_Work instructions_: Once the data has been read, restate all of it exactly.

[Caption-style text data]
____
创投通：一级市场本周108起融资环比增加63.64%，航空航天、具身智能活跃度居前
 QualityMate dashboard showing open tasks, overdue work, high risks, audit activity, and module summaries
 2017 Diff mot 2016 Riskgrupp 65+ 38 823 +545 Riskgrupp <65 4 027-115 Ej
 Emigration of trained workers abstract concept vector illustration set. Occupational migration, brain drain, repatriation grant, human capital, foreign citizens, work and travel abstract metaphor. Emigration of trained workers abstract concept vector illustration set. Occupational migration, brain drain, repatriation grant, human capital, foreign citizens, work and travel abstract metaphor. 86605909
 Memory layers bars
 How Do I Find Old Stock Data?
____
_Response to the exercise_:
创投通：一级市场本周108起融资环比增加63.64%，航空航天、具身智能活跃度居前
 QualityMate dashboard showing open tasks, overdue work, high risks, audit activity, and module summaries
 2017 Diff mot 2016 Riskgrupp 65+ 38 823 +545 Riskgrupp <65 4 027-115 Ej
 Emigration of trained workers abstract concept vector illustration set. Occupational migration, brain drain, repatriation grant, human capital, foreign citizens, work and travel abstract metaphor. Emigration of trained workers abstract concept vector illustration set. Occupational migration, brain drain, repatriation grant, human capital, foreign citizens, work and travel abstract metaphor. 86605909
 Memory layers bars
 How Do I Find Old Stock Data?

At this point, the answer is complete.